Metáforas de la resurrección

“…se preguntaban qué significaría
‘resucitar de entre los muertos’.” (Marcos 9, 10)

Paradójicamente, la idea de la resurrección termina por ser más plausible hoy que hace siglos, porque hemos aprendido a pensar en términos de información.

La muerte siempre fue la circunstancia más inevitable y misteriosa de la vida. Aun hoy, a pesar de todo lo que sepamos acerca de su cómo y su porqué, el “más allá” sigue siendo un enigma.
Si todo se acaba con la muerte, la vida no pasa de ser una enfermedad mortal de transmisión sexual, como irónicamente tituló Krzysztof Zanussi una de sus películas. En ese caso, la muerte es un sueño eterno, como rezaba el letrero que Joseph Fouché hizo poner en los cementerios durante el Terror, quizás para ilustrar a los difuntos y sus deudos. Pero la esperanza de que la vida continúe, siquiera en la memoria de otros, no abandona ni al que teme a la muerte ni al que la aguarda en paz.
Los griegos y romanos, que imaginaban un más allá lleno de tristes espectros, ensalzaron la vida y la juventud. Los egipcios hicieron del más allá el tribunal más alto, y los chinos nunca dejaron de soñar con la inmortalidad física.
No todas las religiones hablan de otra vida; entre aquellas que lo hacen, unas prometen la supervivencia del alma en otro mundo, otras la reencarnación y algunas la resurrección del cuerpo en un mundo renovado.
La reencarnación ofrece no una sino innúmeras vidas, pero al precio de que olvidemos nuestra identidad. Más que una esperanza parecería una condena, y así lo entendió el budismo.

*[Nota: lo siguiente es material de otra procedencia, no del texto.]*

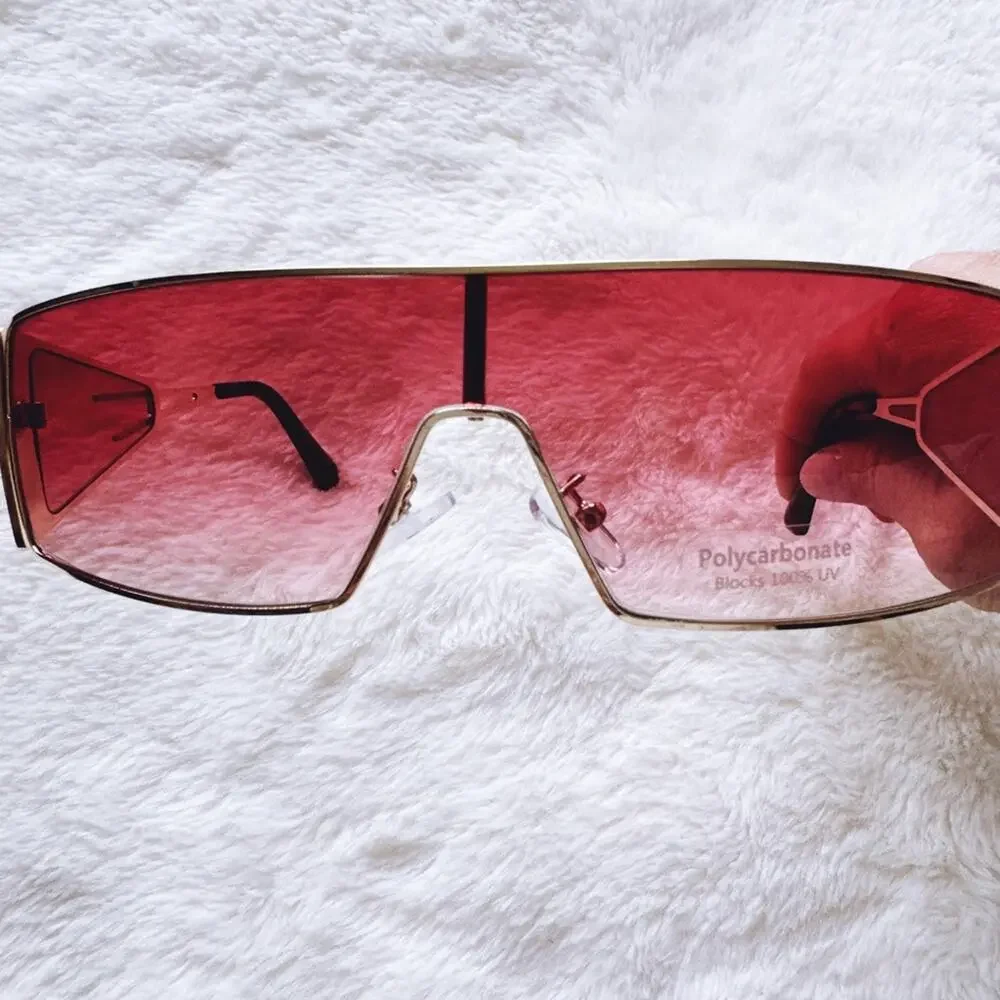 Shane Clear Red Wrap-Around Sunglasses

La inmortalidad del alma, tal como la concibió Platón inspirándose en la fe órfica y egipcia, nos libera del cuerpo perecedero, pero también nos exige renunciar a nuestra historia.

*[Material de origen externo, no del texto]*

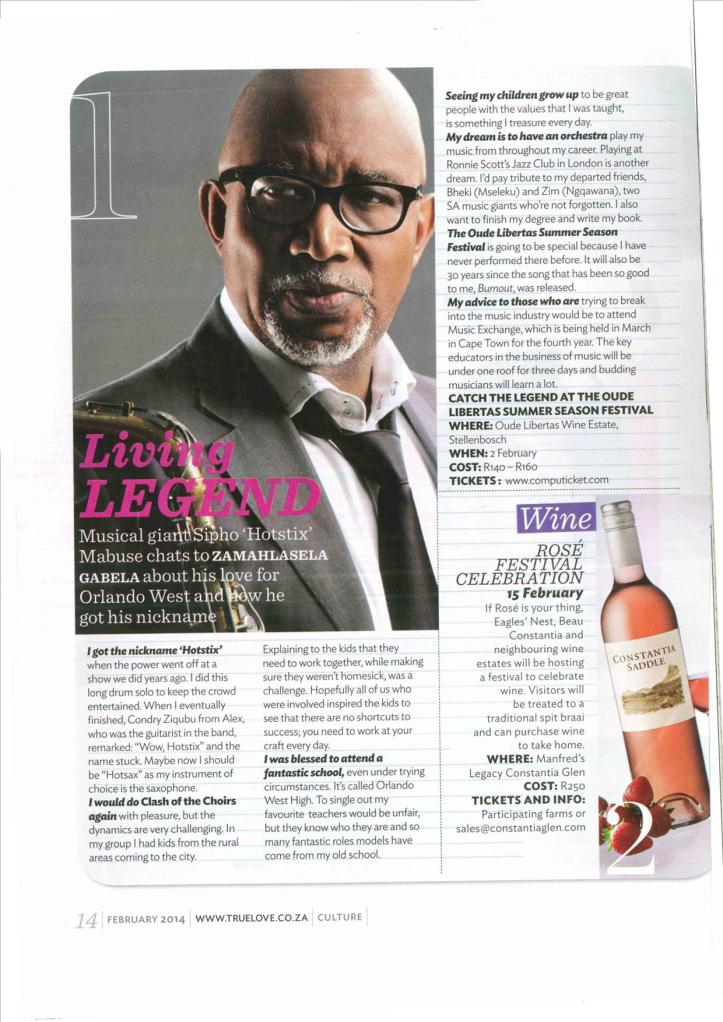 Sipho Mabuse interview - True Love Magazine - Feb 2014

Los filósofos no ofrecieron soluciones más atractivas. Aristóteles reservaba la inmortalidad para el intelecto agente, esa racionalidad impersonal que todos tenemos; en ese caso la lógica sería eterna, pero nosotros no. Nietzsche propuso el eterno retorno del tiempo fugaz. Pero ¿quién podría desear que revivieran cosas como la guerra, el sufrimiento o la injusticia?

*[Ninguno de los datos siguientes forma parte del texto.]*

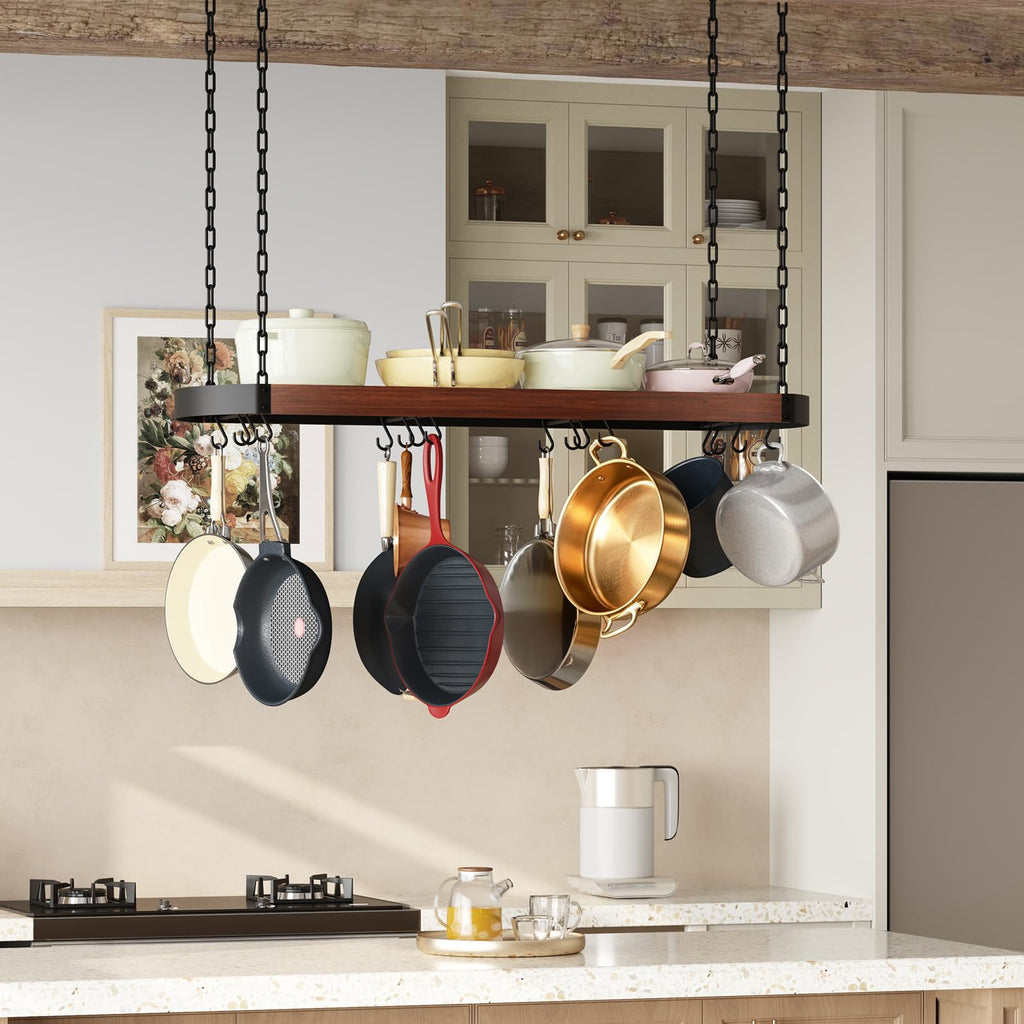 47'' Hanging Pot Rack, Ceiling Pan Hanger, Pot Holder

Muy pocos fueron los que se atrevieron a hablar, no ya de una existencia fantasmal, sino de una resurrección que rescatara lo mejor de nuestra vida, signada por el tiempo.
La resurrección estaba en el zoroastrismo y sigue estando en el Islam. En el judaísmo apareció recién con la literatura apocalíptica del siglo II a. JC, pero así como era aceptada por los fariseos, los saduceos la negaban.
El cristianismo, en cambio, puso la resurrección en el centro de la fe. San Pablo, de quien se burlaron cuando la proclamó en el Areópago, se empeñó en defenderla como la prueba de fuego de la fe. Ninguna otra religión se había atrevido a apostarlo todo a un solo hecho: “si no hay resurrección de los muertos, entonces Cristo no resucitó y nuestra fe es vana.” (I Corintios 15, 13-14).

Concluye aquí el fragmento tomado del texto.